Mapa da região coberta recentemente pelo jornalista Simon Romero para o New York Times e aproveitado para a revista Piauí e o site da UOL
Simon Romero explica que ele cursou um ano de estudo de Português na Universidade de São Paulo em 1990, quando o governo Fernando Collor confiscou os recursos dos brasileiros e o país vivia um caos. Ele adorou São Paulo assistindo à saída dos brasileiros do período autoritário, quando os militares tinham se lançado na ocupação da floresta amazônica iniciando a construção da BR 163, um eixo fundamental que ligava o Sul do país até as margens do Rio Amazonas, em Santarém. Ele cita trabalhos de seus antecessores que cobriram também esta epopeia brasileira.
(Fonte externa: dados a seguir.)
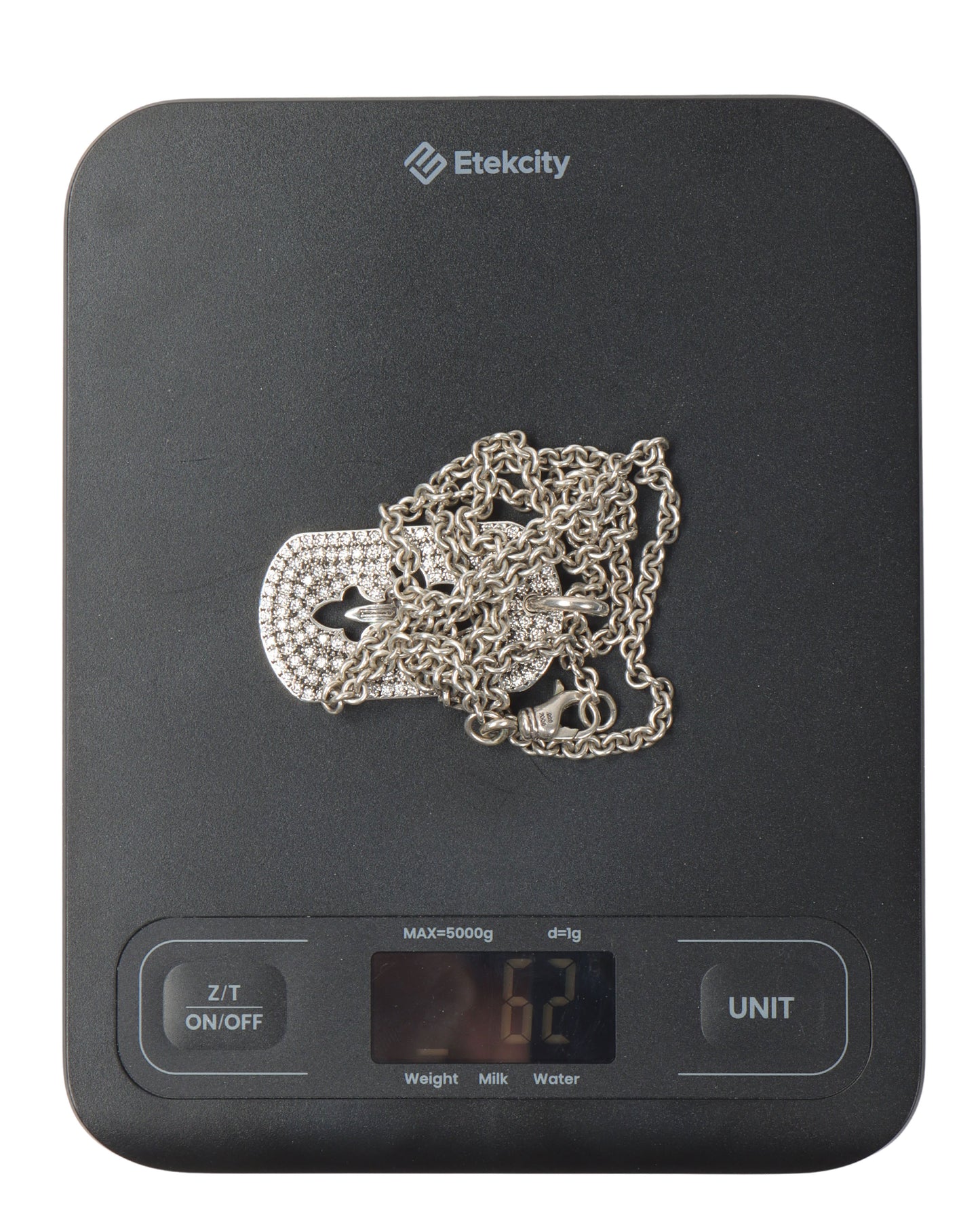 Silver & Diamond Fleur Cross Dog Tag Pendant w/ Chain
Depois de cobrir outros países, voltou em 2011 como chefe do escritório daquele importante jornal no Brasil, tendo acompanhado diversas fases históricas do país nos últimos anos. A revista Piauí escolheu entre outros temas a cobertura da BR 163, e ele percorreu recentemente todo o seu traçado.
Evidentemente, uma avaliação como a minha sobre seu trabalho depende também da leitura que faço em função dos meus trabalhos que estiveram fortemente ligados à BR 163 por anos, inicialmente com o Banco Central que, inclusive, cobriu parcialmente os programas especiais de alguns governos autoritários sob a responsabilidade da minha área. E como dirigindo o INCRA por um longo período que entre outras tarefas tinha a atuação de não permitir a ocupação de uma grande reserva de um milhão de hectares ao longo desta estrada, que estava reservada para os testes com armamentos atômicos não efetivados, além dos inúmeros trabalhos fundiários e de assentamentos públicos e privados na região. As leituras de coberturas independentes posteriores sempre despertam meus interesses especiais.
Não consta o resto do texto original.